Politics almost everywhere else, however circular, has some content. Parties use their time in opposition to mend fences, build new coalitions and build a policy frame work that competes for the attention of voters in ways that make them take elective politics more rather than less seriously.
At the same time they seek to build credibility around issues parties also try to match policy with voter sentiment, particularly where that sentiment is at odds with ‘the government’. It gives them a base from which to harry, disrupt and destroy with a view of changing policy, and political direction.
The seminal elections of 1997 in the UK and 2011 both brought with them emotional charges almost out of all proportion to the actual changes they brought about. In both cases they came after prolonged incumbencies came to a shattering end.
They were in many respects a response to a call for a change in the respective narratives.

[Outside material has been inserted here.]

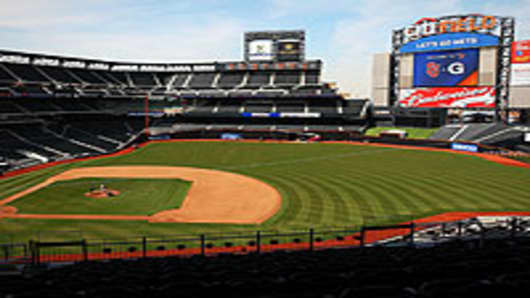 A general view of the fields and stands of Citi Field in the Flushing neighborhood of the Queens borough of New York City.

If Tony Blair, Enda Kenny or even Alex Salmond are in their various ways flawed individuals, each at least worked at building an alternative base over a protracted period of time.
Whatever comes after the flags crisis, will inevitably bring us back to another crisis soon or later. The focus on identity right in the middle of winter – and to the continued exclusion of all else – augurs badly for next summer’s marching season. And lord knows what after that.
The ‘former moderate’ parties can tag along for the ride, or pull back try to develop their own alternative, policy based approach and try to build some form of politics that is a functional response to the material interests of real people.
After a failed conflict, we need deal makers
It’s doubtful there will be a lurch back into civil conflict that has conditioned many people’s post conflict calculations. As Brian has noted in the past, the serial grounds for the current conflict are getting narrower and narrower, even if at times it feels just as intense.
The idea that you can vanquish your enemies (be they Sinn Fein, or generic Unionism) and they will meekly leave the field in a population where neither community is likely ever again to reach majority is a still appetising folly that feeds the raw animus of many in the ‘former extremes’.
For all the predictions of the collapse of unionism, set piece plays like this current episode only serve to redefine and strengthen old factions all the more sharply. But as these recursive arguments narrow, the needs of a wider, more moderate constituency are left untended.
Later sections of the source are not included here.